Pronunciation: LOO-fah-sil

Your body makes its own painkillers. They are called enkephalins — five-amino-acid peptides that activate the same opioid receptors that morphine targets. When you stub your toe and the initial agony fades to a dull ache, enkephalins are part of the reason. When a runner hits the wall and then pushes through it, enkephalins help dull the signal. These tiny peptides are ancient, powerful, and extraordinarily well-studied — in the context of pain. Someone at Lipotec looked at enkephalins and asked a different question: what if an opioid agonist could reduce wrinkles?

The logic goes like this. Facial expression lines form because muscles contract repeatedly. Muscles contract because nerves release a chemical called acetylcholine. Nerves have opioid receptors. When you activate an opioid receptor on a nerve terminal, that nerve releases less neurotransmitter. So if you put an enkephalin analog on your skin and it reaches the nerves underneath, those nerves should release less acetylcholine, your muscles should contract less forcefully, and your wrinkles should get shallower. It is the same endpoint as Argireline — reduced muscle contraction — but achieved through a completely different mechanism.

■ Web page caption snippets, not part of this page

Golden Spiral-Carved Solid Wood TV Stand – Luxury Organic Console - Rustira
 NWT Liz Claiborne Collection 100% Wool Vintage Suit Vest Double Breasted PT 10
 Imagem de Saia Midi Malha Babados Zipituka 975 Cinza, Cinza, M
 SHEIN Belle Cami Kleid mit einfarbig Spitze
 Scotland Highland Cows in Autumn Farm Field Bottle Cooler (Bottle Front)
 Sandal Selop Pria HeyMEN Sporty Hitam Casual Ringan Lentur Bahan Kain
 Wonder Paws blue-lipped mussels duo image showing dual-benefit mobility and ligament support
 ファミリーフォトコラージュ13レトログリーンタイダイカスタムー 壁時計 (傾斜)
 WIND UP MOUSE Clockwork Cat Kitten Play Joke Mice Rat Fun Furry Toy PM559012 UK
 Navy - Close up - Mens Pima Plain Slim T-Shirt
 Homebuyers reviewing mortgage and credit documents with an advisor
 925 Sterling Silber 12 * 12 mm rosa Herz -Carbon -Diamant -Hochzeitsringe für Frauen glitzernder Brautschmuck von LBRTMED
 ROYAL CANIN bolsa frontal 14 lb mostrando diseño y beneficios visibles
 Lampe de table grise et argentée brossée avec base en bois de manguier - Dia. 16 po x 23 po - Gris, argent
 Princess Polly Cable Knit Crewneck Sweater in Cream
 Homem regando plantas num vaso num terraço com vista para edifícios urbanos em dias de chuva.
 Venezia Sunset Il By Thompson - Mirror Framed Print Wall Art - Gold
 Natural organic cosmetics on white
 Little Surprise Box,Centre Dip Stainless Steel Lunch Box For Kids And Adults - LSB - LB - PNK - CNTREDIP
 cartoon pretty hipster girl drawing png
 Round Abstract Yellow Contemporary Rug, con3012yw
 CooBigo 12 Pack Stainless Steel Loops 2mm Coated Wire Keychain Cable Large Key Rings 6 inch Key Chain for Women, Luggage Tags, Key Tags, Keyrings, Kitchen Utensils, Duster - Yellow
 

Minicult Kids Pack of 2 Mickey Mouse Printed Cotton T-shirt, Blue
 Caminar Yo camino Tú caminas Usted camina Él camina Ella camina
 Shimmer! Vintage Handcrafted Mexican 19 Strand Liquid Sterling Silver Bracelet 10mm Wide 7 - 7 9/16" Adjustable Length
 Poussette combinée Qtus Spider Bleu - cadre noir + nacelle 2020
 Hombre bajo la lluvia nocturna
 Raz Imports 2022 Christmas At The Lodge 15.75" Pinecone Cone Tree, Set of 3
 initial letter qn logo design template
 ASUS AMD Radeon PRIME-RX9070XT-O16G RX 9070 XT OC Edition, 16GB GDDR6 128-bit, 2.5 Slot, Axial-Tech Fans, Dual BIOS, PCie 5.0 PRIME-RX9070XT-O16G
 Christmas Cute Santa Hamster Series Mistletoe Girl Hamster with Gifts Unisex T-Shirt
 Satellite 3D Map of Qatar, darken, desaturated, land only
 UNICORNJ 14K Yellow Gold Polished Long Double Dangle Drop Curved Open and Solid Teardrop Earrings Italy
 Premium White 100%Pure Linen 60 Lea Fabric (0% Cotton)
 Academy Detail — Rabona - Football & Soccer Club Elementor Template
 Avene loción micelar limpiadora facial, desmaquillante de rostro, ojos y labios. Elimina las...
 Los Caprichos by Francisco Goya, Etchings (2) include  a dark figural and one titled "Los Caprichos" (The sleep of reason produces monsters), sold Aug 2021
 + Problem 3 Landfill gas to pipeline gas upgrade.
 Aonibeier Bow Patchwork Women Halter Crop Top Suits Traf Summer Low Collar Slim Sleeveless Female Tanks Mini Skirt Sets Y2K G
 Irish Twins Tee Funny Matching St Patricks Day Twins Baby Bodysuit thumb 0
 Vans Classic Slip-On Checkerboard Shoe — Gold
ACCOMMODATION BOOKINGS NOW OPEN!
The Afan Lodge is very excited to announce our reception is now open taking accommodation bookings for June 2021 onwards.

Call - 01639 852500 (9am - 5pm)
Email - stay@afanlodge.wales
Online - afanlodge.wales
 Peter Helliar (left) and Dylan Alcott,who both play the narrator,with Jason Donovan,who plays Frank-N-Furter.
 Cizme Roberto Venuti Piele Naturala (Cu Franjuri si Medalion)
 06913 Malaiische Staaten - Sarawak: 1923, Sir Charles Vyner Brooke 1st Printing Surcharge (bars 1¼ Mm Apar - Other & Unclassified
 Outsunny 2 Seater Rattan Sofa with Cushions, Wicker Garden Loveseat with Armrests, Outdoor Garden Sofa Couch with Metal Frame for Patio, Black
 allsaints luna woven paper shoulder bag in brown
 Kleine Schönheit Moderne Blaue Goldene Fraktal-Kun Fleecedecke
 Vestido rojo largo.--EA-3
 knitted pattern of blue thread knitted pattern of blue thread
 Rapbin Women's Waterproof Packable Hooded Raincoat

Lipotec synthesized Pentapeptide-18 (Tyr-D-Ala-Gly-Phe-Leu), substituting a D-alanine in the second position to make the peptide resistant to the enzymes that would normally destroy a natural enkephalin in minutes. They named it Leuphasyl and marketed it as a companion to their flagship Argireline — two peptides attacking the same problem from opposite sides of the synapse. The marketing was imaginative. The science stopped at the marketing.

PLAIN ENGLISH

Leuphasyl is a lab-made copy of one of your body's natural painkillers. The idea is that if it reaches the nerves under your skin, those nerves will tell your facial muscles to relax a little, and your wrinkles will soften. It is an interesting idea that nobody has tested on a real face.

Mechanism of Action

Opioid Receptor Signaling: A CNS Mechanism Applied to Skin

Opioid receptors (mu, delta, and kappa subtypes) are G-protein-coupled receptors found throughout the nervous system and immune system. When activated by endogenous ligands (endorphins, enkephalins, dynorphins) or exogenous agonists (morphine, fentanyl), they produce analgesia, euphoria, respiratory depression, and a cascade of downstream effects including reduced neurotransmitter release from presynaptic terminals.

Leuphasyl's proposed mechanism borrows from this well-established pharmacology but applies it in a context where it has never been validated: dermal sensory nerve terminals. The proposed pathway:

1. Topical application delivers Leuphasyl through the stratum corneum 2. Dermal diffusion brings the peptide to sensory nerve endings in the papillary dermis 3. Mu-opioid receptor activation on presynaptic terminals reduces calcium influx 4. Reduced vesicle exocytosis means less acetylcholine release at the neuromuscular junction 5. Weaker muscle contraction produces shallower expression lines

Why Each Step Is Unvalidated

Step 1 — Penetration: Leuphasyl (569 Da) is smaller than Argireline (889 Da), which is favorable for transepidermal penetration. However, no published study has measured Leuphasyl penetration through human skin. The assumption is extrapolated from general peptide penetration data.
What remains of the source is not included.